Hace catorce años publiqué La mafia rusa, un divertimento narrativo anclado en ciertas observaciones de la realidad alemana, profundamente infiltrada ya entonces por la oligarquía rusa.
Con los años, descubrí que esa mancha de aceite se extendía ya por toda Europa y había llegado hasta Barcelona y más allá (cierta teoría conspirativa aseguraba que la Declaración de la Independencia de Cataluña en 2017 fue el producto de una alianza entre la burguesía nacionalista catalana y la oligarquía rusa, que pretendía de ese modo garantizarse un puerto en el Mediterráneo). No quedaba casa ni casino en el Ampurdán que no tuviera un dueño eslavo.

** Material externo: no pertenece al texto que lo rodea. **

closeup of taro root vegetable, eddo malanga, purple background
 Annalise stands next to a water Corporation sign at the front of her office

La mañana del 24 de febrero la zarpa moscovita rasgó toda prudencia y se abalanzó sobre Ucrania (¿se acuerdan del Mago Ucraniano de Olmedo?) desencadenando un conflicto bélico de resultado incierto.

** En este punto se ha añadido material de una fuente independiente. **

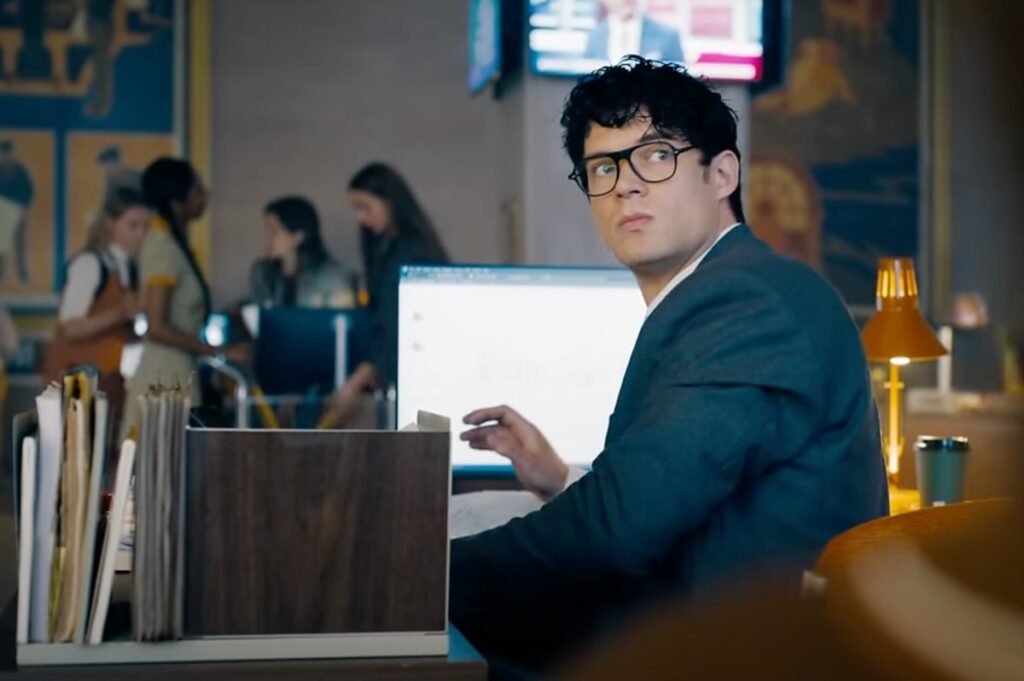 Young man with curly dark hair and glasses sitting at a desk in a newsroom.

Pareciera que la Rusia actual no ha perdido su apetito expansionista, pero eso sí, sin comunismo, con lo cual es como una recuperación del zarismo (claro que más violento y más berreta) por parte de una oligarquía corrupta asociada con un líder autoritario, belicista y (convengamos) un tanto ridículo en sus obsesiones machirulas.
Treinta años le demandó a la patria de Lenin recuperarse de su decadencia militar mientras, en el mismo lapso de tiempo, las democracias occidentales se volvían más timoratas y decadentes.

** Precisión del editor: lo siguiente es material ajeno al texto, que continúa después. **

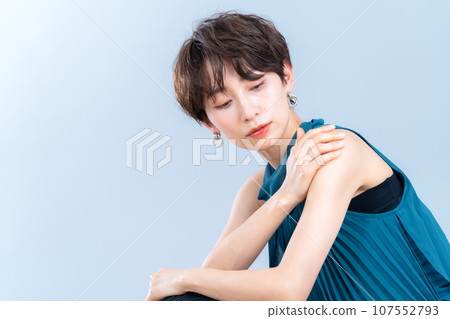 A middle-aged woman doing skin care against a gray background 107552793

Lejos quedaron los años en que Alexandre Kojève (que era ruso y marxista, pero trabajó desde París para construir la Europa contemporánea; o que era francés, pero trabajó como espía de la Unión Soviética) imaginó la sutura de dos mundos que hasta entonces eran irreconciliables.
Parece, sin embargo, que la herida no cicatrizó y la carne siguió pudriéndose. Hoy supura, y la soldadesca camina no hacia Moscú para liberarla de la tiranía, sino hacia el Oeste, sobre la ruta contaminada de Chernobyl. Ojalá no se les ocurra seguir hasta Praga.